On Thursday, 10th July 2014, we started with Raga Lalit- a raga that I have always founded complicated and liable to go off-key easily in. But may be because I had not sung it in the last nearly two decades, nor learnt again ever after taking the exam in my teenage…it just came easily this time. Aunty gave me the option of one khayal, which could be either raen ka sapna or arre mann ram. Since I had learnt the former in my younger years, and its poetic appeal to my mind was not very high, I chose the latter. And both of them are uploaded here. In any case most bandishes for me are now about Bhakti or music is, or perhaps life itself is.

(The first bandish which talks about the night’s dream, perhaps alluding to the illusion of ignorance, which is akin to living in darkness of the night- does not really attract anymore. I find in it an element of lament that the illusion has been shattered, because the dream seen in the night is so confusing that the person who has seen the dream is unsure who to share it with.)

raen ka sapna, kaa se kahoon apna

(who shall I share the dream with, the one I saw in the night?)

When aunty heard me sing the khayal, she was so happy that she said she might teach me an extra class on Saturday. As per promise she called on Saturday morning herself and said we would have an extra class. I just thought what a turnaround life is – once upon a time there was a time when extra-classes looked like such an anathema. And now? A blessing from above. This is what I mean by the guru’s energy coming into your line with your own, when they are now willing to share their knowledge with you freely and by choice, by seeking you out. I have no gratitude to express, for I came close to this situation so many times earlier in my life, but never quite THERE- so now I am. Deepest gratitude to life, my teachers, my torturous road and my family in all parts of the universe.
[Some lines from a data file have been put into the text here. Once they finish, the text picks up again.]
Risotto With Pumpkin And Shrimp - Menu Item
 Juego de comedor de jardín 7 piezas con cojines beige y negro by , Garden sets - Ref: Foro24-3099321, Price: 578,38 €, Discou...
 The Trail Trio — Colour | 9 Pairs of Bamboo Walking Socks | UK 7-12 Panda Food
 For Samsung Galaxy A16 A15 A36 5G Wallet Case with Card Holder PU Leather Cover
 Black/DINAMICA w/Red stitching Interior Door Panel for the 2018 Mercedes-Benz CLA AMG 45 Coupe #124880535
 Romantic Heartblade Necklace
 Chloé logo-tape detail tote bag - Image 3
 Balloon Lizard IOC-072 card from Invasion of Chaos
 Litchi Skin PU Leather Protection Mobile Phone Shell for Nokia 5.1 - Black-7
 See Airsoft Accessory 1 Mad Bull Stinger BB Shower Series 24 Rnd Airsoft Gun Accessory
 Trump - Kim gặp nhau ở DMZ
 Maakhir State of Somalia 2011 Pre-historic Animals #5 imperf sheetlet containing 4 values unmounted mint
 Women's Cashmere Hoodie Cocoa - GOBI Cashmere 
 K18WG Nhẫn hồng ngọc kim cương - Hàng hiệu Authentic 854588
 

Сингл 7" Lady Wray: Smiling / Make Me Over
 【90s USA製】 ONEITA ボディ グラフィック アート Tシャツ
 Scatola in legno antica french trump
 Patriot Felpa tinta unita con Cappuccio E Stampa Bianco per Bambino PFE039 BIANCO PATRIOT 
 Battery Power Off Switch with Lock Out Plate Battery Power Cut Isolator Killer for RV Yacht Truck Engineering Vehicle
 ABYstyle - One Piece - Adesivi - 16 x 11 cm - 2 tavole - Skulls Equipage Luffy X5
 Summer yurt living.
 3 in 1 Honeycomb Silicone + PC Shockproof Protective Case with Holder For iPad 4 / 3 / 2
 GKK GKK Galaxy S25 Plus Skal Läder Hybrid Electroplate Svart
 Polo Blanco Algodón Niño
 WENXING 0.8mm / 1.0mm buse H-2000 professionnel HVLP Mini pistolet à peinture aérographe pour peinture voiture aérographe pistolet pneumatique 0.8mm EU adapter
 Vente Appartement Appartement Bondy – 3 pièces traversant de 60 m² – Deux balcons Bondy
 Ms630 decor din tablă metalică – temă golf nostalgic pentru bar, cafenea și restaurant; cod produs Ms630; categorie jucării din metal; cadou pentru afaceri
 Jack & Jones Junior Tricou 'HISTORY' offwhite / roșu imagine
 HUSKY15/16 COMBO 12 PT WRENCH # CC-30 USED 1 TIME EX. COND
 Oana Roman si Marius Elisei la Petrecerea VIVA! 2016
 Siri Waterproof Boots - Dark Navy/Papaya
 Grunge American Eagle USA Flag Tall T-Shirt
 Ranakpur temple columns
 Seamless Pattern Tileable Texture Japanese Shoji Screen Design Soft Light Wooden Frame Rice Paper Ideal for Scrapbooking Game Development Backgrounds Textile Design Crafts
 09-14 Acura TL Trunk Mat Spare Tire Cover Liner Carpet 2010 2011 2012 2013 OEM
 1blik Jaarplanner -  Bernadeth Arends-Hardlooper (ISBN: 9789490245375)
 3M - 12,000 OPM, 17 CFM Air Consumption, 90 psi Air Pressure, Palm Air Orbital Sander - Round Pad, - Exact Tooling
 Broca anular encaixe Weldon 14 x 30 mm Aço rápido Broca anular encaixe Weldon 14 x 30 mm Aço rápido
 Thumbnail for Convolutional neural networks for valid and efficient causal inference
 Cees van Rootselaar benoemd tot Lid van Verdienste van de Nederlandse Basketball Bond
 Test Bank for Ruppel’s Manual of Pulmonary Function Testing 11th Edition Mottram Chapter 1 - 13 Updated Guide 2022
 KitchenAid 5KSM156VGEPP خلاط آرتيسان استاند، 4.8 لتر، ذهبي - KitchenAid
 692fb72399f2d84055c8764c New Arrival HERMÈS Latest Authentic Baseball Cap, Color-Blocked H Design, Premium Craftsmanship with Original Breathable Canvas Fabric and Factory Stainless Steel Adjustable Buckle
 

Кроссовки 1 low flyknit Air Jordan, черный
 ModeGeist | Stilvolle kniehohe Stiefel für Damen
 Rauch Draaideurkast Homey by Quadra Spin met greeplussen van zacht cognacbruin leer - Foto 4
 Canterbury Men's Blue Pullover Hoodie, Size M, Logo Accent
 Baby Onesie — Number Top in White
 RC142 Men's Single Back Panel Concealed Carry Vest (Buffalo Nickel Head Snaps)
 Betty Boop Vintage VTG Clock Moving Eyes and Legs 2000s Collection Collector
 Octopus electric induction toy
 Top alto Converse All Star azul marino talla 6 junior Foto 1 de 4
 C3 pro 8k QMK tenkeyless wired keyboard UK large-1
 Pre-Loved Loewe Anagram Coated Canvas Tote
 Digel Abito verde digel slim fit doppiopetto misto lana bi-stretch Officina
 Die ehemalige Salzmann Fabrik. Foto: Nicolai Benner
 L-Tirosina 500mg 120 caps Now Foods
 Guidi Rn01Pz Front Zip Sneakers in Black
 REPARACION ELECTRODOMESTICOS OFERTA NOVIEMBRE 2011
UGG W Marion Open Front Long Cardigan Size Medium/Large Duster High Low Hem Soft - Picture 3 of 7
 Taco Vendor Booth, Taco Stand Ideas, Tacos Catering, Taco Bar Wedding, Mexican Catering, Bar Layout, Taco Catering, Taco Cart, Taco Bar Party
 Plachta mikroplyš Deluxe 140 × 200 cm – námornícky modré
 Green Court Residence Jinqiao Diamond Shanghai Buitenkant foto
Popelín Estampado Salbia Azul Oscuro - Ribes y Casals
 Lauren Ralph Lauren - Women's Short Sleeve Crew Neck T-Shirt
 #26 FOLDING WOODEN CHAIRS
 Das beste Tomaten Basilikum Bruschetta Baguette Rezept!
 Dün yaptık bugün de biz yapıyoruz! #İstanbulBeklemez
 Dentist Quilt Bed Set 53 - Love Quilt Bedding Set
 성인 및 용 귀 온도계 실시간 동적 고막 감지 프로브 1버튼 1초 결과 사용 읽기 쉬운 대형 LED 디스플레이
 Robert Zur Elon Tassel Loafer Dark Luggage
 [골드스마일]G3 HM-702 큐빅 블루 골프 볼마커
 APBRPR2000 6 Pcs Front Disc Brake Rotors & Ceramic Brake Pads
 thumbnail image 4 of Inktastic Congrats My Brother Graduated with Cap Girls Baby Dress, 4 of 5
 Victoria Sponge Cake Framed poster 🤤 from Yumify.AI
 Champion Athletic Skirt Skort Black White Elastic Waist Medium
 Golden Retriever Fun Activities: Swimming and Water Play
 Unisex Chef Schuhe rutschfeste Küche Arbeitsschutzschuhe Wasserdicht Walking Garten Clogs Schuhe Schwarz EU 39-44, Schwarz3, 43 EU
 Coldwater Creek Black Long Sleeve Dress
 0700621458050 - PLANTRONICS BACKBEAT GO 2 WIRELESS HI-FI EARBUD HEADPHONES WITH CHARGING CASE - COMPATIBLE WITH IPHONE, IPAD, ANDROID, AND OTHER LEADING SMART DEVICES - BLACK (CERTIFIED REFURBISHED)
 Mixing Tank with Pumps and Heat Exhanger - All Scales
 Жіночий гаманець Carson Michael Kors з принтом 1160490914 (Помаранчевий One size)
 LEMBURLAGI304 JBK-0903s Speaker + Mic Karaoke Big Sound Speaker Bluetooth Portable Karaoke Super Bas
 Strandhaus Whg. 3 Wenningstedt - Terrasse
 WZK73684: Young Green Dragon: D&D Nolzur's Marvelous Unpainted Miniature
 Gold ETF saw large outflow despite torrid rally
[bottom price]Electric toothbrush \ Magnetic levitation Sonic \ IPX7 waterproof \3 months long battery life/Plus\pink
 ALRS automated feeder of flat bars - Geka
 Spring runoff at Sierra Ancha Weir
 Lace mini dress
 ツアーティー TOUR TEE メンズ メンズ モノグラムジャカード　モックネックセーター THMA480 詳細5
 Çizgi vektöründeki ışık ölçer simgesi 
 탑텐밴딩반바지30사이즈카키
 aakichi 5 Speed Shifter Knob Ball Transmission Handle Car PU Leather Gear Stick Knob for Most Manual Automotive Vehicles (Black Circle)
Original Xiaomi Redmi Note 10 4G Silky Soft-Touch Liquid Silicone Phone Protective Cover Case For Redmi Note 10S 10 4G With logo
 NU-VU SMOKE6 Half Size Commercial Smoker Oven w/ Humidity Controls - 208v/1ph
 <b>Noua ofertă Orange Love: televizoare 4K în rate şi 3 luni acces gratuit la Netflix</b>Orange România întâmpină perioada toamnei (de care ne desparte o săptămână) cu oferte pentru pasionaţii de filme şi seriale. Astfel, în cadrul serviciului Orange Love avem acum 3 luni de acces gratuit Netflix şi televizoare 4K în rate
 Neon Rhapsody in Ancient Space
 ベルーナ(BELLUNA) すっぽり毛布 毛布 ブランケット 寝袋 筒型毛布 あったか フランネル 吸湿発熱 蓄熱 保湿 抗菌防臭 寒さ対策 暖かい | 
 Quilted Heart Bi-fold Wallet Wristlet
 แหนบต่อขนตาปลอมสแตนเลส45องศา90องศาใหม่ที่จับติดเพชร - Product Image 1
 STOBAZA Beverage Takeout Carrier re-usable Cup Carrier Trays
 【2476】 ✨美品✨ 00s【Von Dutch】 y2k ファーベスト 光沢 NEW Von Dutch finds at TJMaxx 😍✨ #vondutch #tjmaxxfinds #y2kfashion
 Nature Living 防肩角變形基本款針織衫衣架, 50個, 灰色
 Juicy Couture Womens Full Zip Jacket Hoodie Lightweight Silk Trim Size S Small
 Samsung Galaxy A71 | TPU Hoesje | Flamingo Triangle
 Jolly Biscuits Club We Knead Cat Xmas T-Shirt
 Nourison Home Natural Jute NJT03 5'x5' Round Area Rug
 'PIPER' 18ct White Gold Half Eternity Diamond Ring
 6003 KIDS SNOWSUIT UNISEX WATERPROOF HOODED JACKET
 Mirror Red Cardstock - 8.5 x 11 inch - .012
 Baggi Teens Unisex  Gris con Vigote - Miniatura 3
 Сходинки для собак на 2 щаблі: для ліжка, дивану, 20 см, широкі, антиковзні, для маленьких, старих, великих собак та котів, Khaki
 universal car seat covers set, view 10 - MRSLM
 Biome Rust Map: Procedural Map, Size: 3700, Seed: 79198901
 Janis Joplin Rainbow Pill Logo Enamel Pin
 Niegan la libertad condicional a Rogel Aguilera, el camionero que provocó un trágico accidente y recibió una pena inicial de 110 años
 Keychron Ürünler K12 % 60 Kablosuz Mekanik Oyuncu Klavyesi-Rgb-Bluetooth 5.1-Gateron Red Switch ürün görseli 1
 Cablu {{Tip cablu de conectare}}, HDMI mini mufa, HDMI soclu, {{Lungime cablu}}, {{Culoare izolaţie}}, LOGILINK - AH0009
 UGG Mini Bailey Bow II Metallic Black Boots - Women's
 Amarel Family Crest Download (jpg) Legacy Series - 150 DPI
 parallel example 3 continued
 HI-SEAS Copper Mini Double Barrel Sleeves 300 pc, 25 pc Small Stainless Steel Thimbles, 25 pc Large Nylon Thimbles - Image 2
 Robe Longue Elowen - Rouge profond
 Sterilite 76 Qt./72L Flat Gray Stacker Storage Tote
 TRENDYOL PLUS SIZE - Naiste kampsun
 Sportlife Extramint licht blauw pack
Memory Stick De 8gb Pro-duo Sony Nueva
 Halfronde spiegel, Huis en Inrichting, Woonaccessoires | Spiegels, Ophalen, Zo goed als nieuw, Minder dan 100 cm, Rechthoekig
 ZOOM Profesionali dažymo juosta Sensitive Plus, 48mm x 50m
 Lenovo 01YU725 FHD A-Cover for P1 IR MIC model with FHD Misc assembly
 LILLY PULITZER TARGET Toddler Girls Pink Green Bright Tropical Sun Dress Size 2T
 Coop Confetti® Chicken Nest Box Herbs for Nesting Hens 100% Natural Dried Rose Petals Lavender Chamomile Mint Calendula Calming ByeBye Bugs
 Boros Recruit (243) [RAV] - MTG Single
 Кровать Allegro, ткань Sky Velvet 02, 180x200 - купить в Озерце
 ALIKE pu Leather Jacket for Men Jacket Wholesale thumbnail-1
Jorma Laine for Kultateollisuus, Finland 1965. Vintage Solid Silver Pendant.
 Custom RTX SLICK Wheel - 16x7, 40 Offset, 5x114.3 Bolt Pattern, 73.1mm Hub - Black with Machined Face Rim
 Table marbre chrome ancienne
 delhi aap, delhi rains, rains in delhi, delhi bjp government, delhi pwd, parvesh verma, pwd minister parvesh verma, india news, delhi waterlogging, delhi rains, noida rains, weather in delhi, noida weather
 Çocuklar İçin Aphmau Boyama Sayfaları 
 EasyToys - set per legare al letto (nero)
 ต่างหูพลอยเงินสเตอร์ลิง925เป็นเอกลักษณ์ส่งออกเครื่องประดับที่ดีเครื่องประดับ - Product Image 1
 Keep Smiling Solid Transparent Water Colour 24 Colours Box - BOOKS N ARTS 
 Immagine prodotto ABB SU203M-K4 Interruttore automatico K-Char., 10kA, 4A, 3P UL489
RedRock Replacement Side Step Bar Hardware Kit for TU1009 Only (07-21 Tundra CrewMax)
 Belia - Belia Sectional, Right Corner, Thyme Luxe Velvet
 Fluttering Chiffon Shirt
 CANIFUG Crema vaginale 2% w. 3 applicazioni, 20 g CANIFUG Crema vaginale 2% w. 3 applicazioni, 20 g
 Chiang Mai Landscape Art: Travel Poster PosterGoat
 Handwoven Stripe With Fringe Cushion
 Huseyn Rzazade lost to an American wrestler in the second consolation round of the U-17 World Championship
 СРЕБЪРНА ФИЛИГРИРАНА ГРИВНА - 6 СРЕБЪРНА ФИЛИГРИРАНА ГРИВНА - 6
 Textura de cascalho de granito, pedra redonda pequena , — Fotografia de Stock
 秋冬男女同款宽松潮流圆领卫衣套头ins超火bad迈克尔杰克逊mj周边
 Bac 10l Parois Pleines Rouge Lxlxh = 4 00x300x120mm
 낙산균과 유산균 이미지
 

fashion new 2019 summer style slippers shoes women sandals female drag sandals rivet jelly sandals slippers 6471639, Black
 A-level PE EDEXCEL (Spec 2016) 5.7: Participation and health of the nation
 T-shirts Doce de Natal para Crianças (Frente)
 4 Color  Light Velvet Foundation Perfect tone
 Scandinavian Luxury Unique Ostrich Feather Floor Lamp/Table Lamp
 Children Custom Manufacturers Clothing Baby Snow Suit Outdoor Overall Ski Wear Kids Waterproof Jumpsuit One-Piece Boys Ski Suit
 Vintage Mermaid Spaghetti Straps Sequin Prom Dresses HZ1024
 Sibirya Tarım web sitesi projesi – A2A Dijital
Neither of us knew it was guru purnima that day, till another of her disciples called up to offer her regard and pranam to Aunty. And then for the first time in my life I had a strange feeling, that on guru purnima, this was the first time perhaps that my guru was ‘shining on me’. Purnima after all means the full moon. In general our learning is steady and progressive.

The next day she taught me a traditional bandish in the same and today an Jaipur gharana bandish. I hope to cover the one that Amir Khan saheb immortalized – for that is the final frontier for me. But even if I do not, for it is not important to sing the exact bandish, but the style is what matters ultimately, and fortunately I have learnt the pathway of that- rest is my honing, if I can.